The Class of 2010 will enter the job market with "the highest rates of unemployment in at least a generation," according a new Economic Policy Institute report. It's not just the numbers, it's also the nature of the job market that is changing dramatically. The 1950s and 60s were a period of entrenched single-company careers for America's workers. Today, marginally attached and mobile is the new norm. By one measure, the number of independent workers grew by 27 percent between 1995 and 2005, to almost nine million. In New York City, self-employment accounted for two thirds of the job growth between 1975 and 2007, according to the Chicago Fed.
Reihan Salam has a good article about the emergence of an itinerant labor market. This paragraph gets at the psychological crux of the issue:
Suster describes the mentality of Gen Xers, who started their careers in the early 1990s. "We all lost our jobs through downsizing in the early '90s and we felt scarred," he explains. "We realized that there was no such thing as corporate loyalty." ... You mastered a particular corporate bureaucracy, you built up a tremendous amount of capital, and then, poof, it's all gone. Job hopping was and remains a natural defensive reaction. Suster is inclined to blame the job hopper. Yet one could just as easily blame disloyal firms for changing the rules.

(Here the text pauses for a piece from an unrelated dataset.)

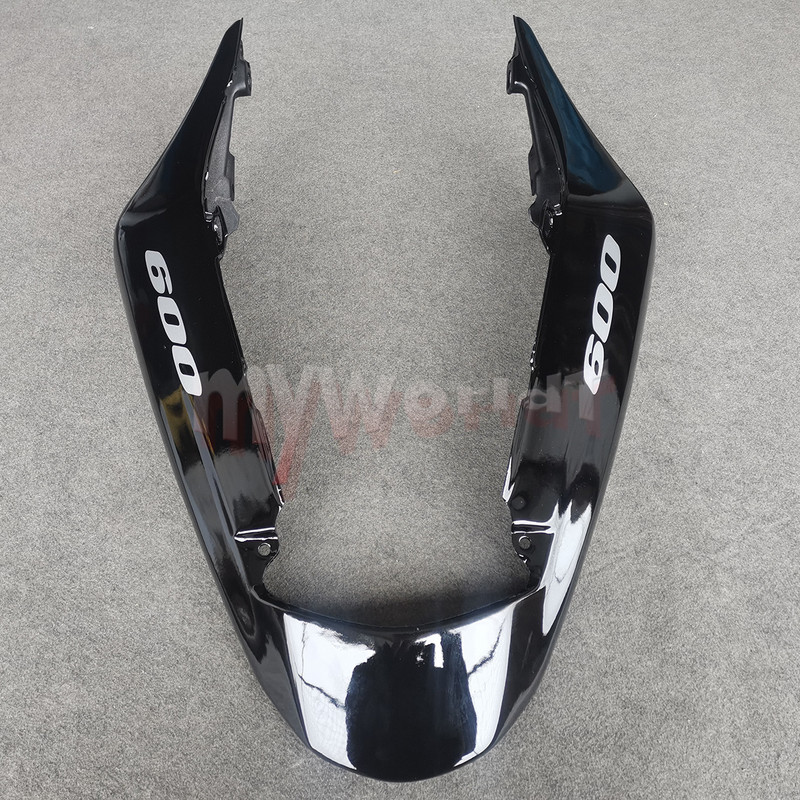 Подходящ за Suzuki GSR400 GSR600 2006 - 2012 мотоциклет ляв десен заден заден участък обтекател на седалката част GSR 400/600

You can think about the recession as a sledgehammer to the dreams of Generation Y as it graduated from college after 16 years (or more) of expensive, carefully groomed education expecting to land dream jobs in return. Or you can think about the recession as validating the Gen X/Y instinct to think about their positions as naturally transactional and transitional: likely to change and more like stepping stones than a second home.
The federal government knows how to count payrolls. But it doesn't know how to count freelancers and contractors consistently. That's a big problem. If we acknowledge that the economy is moving toward more marginally attached workers who make a living by stringing together gigs rather than holding down one job, we should find a way to provide support -- jobless benefits, health care protections, wage left laws -- for that growing contingency. But we can't support it until we count it consistently.

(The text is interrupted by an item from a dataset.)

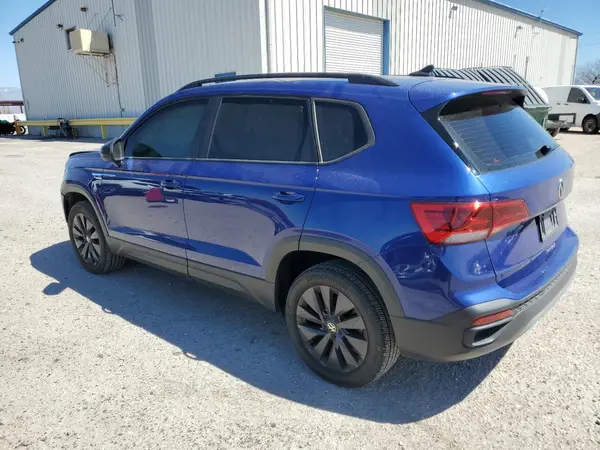 3VVCX7B2XPM372275 2023 VOLKSWAGEN TAOS - Image 2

National Journal's Ron Brownstein made a similar point in a new piece about the recession's impact on the Millennial generation:
The American social safety net delivers most of its benefits, such as pensions and health care, through the workplace. But that model may be increasingly obsolete for Millennials, given a job environment where so many move back and forth between contract and conventional employment, notes Sara Horowitz, founder of the Freelancers Union, which advocates for freelance workers. Health care reform moved the nation toward accommodating this new reality by creating exchanges and federal subsidies that will make it easier for the self-employed to obtain coverage. But Washington has only just begun rethinking how to provide security to a more fluid workforce.

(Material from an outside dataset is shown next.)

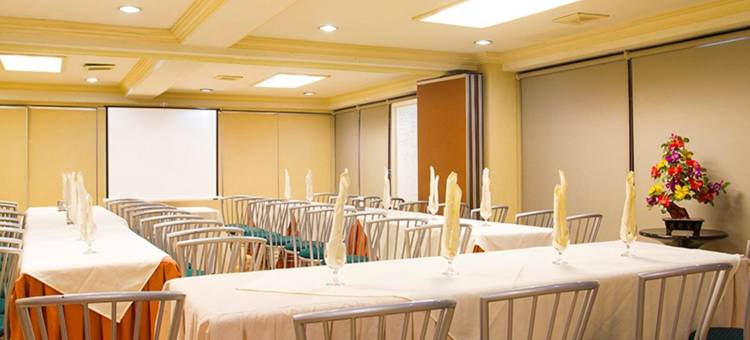 格兰都市酒店(Grand City Hotel Inc.)图片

A 21st century workforce requires a different kind of safety net, with benefits that are more flexible, portable, personal. Salam closes by noting that if we need "universal and portable health insurance," Obama's health care plan is the wrong idea. This is up for debate. One can reasonably argue that as unrevolutionary as Obama's plan was (in the short term, it's more like health care extension than health care reform), the long-term impact might be to tax workers off their employers' health care and move them onto an exchange that would let families buy transparent plans at competitive prices. Whether or not that future materializes, Salam is right that our social safety nets have to morph to the new contours of a shape-shifting labor market.